A Trip To The National Portrait Gallery

I took the day off today to head to London and to potter around the National Portrait Gallery. It’s all very well keeping busy in retirement, going for long walks every day, painting most days, reading books in between and resisting the temptation to slob out on the sofa all day binge watching Tipping Point but you can still end up settling into a routine and wondering where your life’s gone. So I decided that I needed to start having the odd one-off, non-routine day every now and then. So that’s why I’ve not been painting today.

I made it all around the gallery in just under three hours but could have spent longer and did indeed go back round afterwards to take another look at some of my favourite pieces. I didn’t learn anything about painting but enjoyed seeming other people’s work. It felt like a history lesson at times, learning about all these famous subjects and, thanks to the skills of the artists, feeling in many cases that I’d met them face to face.

A worthy day out. Although a day in London chasing ducks would also have been worth it, just to get me out of the studio.

Anyway, let’s answer all your questions. Here we go…

Did I see portraits of any mathematical physicists? Yes!

Did I see any paintings of graduates of Christ’s College? Yes! Jan Smuts was in the background of one painting as an afterthought but there was also this one:

Did I see any paintings of actuaries! Yes!

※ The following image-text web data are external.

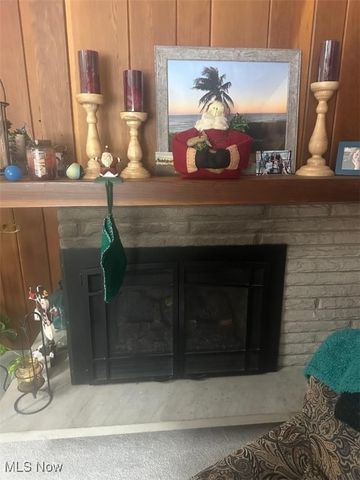 112 Stratford Road, Painesville Twp, OH 44077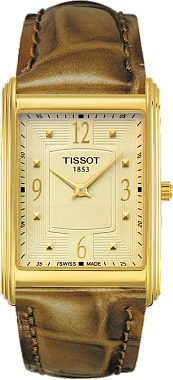 Tissot T71.3.608.94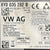Centralina vivavoce audi a3 8y cod:8Y0035282B (2021 >)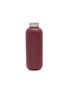 首图 –点击放大 - SUNNIES FLASK - Bottle 32oz — Beet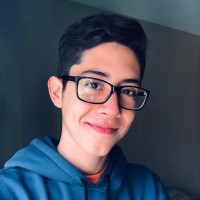 Juan Ignacio Vaquera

Did I see any selfies by famous artists? What, like David Hockney, Tracey Emin or L.S.Lowry? Yes!

Did I see my portraits that looked like someone other than the subject? Well, unless this was meant to be Sonia from Eastenders, yes!

Did I see portraits of anyone I’ve painted? Yes! A terrible Stephen Hawking, passable versions of Amy Winehouse and Sir Winston Churchill and a truly magnificent Sir Bobby Charlton. All better than my versions, although my Churchill is better than the Hawking that I saw today.

Anything weird? Well, there were these:

What about weird sculptures? Yep.

Anything else to report? Well I quite liked this one:

And there’s this one. Lord Balfour pulling that poker face that doesn’t betray how his right arm has become detached:

This one that looks like a nightmare Elizabethan period strategy away day. Hold that pose guys while he completes the portrait, then we’ll get straight on to the ice breaker.

There were a lot of Tudor and Stewart portraits, many of them ones that I’d seen before. This one of Charles II was my favourite:

This one was the first painting I saw. I turned to the guy next to me and told him it must be AI generated. There’s no way that Henry VII, Guy Fawkes and three of Henry VIII’s wives were all in the same room at the same time. I was wrong. It was real and none of the people I thought I recognised were right.

This one was impressive. No cheating by putting down blobs for faces in the background. They’re all individual portraits.

Falklands veteran Simon Weston. Inspiring.

A self portrait of the artist painting a nude figure. Can’t remember who the artist was. Sorry!

Dame Judi Dench!

Another selfie by an artist I can’t remember the name of. In this one the artist is dressed like Andy Warhol.

A couple of portraits superimposed on each other, creating a sense of movement. Nice.

A bust of Henry Cooper.

And finally, this one of the recently departed Jane Goodall which I remember being painted on Portrait Artist Of The Year.

And those are all the photos I took. A day well spent.